We didn’t improve our operations by finding a single silver bullet that has caused our operating results to substantially improve this year.   We have an $800 thousand profit so far this year compared to a $4.1 million loss for the same 9 months of 2007.  Instead, we put a bunch of new ideas into practice, beginning about two-and-a-half years ago with a fairly major shake-up of top management.  There’s nothing new about new ideas at FFE.  Although we’re 60-plus years old, we still are an entrepreneurial company.  What is new, it seems to me, is the disciplined manner in which these new ideas have been implemented into our day-to-day operations.
I’ll talk more in this year’s annual report about what I consider to be a new management tough-mindedness.  But, until then, let me give you just two examples.
The first example is our truckload operation.  We did an analysis that showed us the areas of the country in which our trucks could operate the most profitably.  Last year we challenged our marketing and our operations people to keep our trucks in this preferred network.  This is not as easy as it sounds.  When you’re in a soft market, the temptation to chase freight—wherever it is and regardless of its profitability—is great.  You’re keeping your drivers happy and generating revenue, so that must be a good thing?  Not so.  Unprofitable revenue is never a good thing, so we are focused more on profit and less on revenue.  As a result, our revenue per loaded mile is up, the number of loaded miles traveled is up and our empty-mile ratio is down.
Another example is our less-than-truckload operation, which we operate on a schedule, like a bus line.  When one of our LTL trucks is scheduled to pull away from the loading dock, it leaves, on time.  Full or not.  The schedules complicate a pre-complicated business, but our customers—and their customers—appreciate our punctuality.
In last year’s annual report, I told you about an initiative to increase the load factor of our LTL operation.  We were hauling too much air—empty space—in our LTL trailers.  So, we began a system-wide overhaul of our LTL schedules.  For example, if a two-trips-a-week schedule was running just 40% full, we cut it to once a week to increase that scheduled trip’s load factor.  And so forth.
We’ve kept after it, have made a number of schedule changes and have learned enough to figure that our schedule tweaking will be a continuing activity.

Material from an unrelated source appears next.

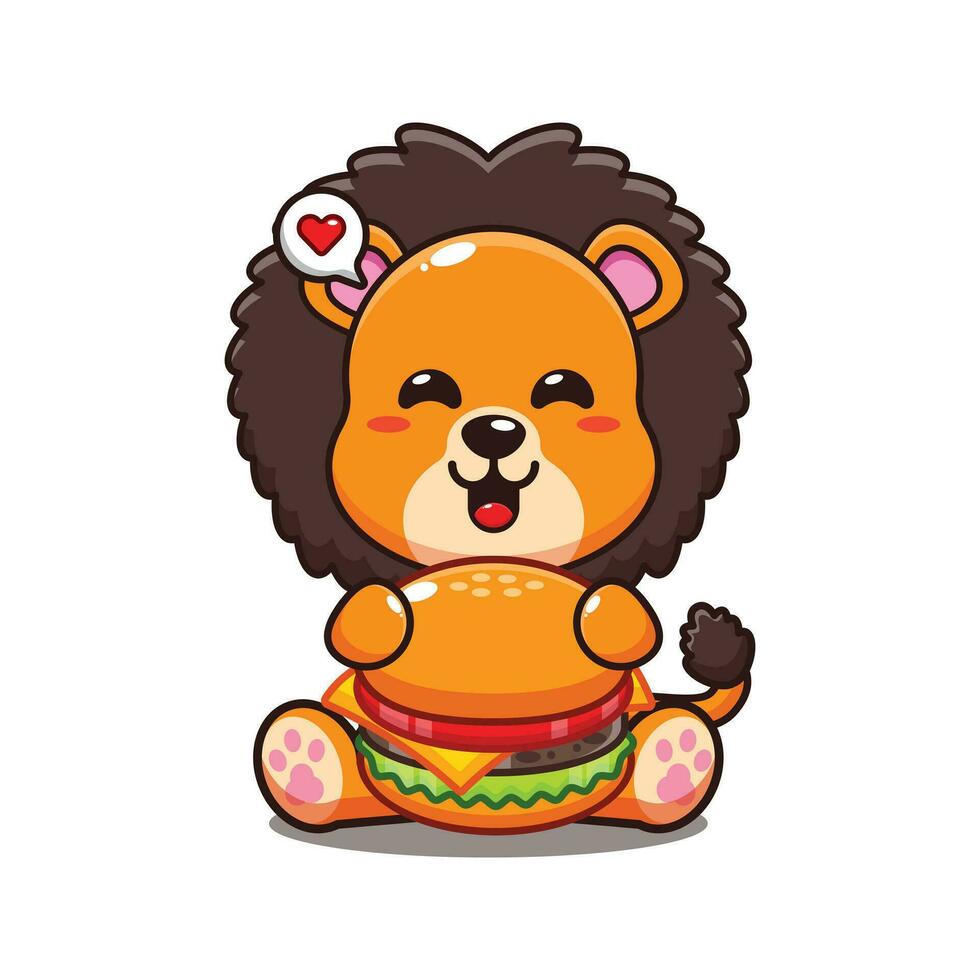 mignonne Lion avec Burger dessin animé vecteur illustration.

In June, we raised our LTL rates.  The results have been good.  Third-quarter per-hundredweight revenue was $15.04 compared to $14.14 in last year’s third quarter.  While our per-hundredweight revenue was up by about 6% over last year’s third quarter, our tonnage shipped was off by about 2% and LTL revenue was $32.9 million compared to $33.9 million for last year’s quarter.  I’ll trade 2% revenue for 6% profit increase any time.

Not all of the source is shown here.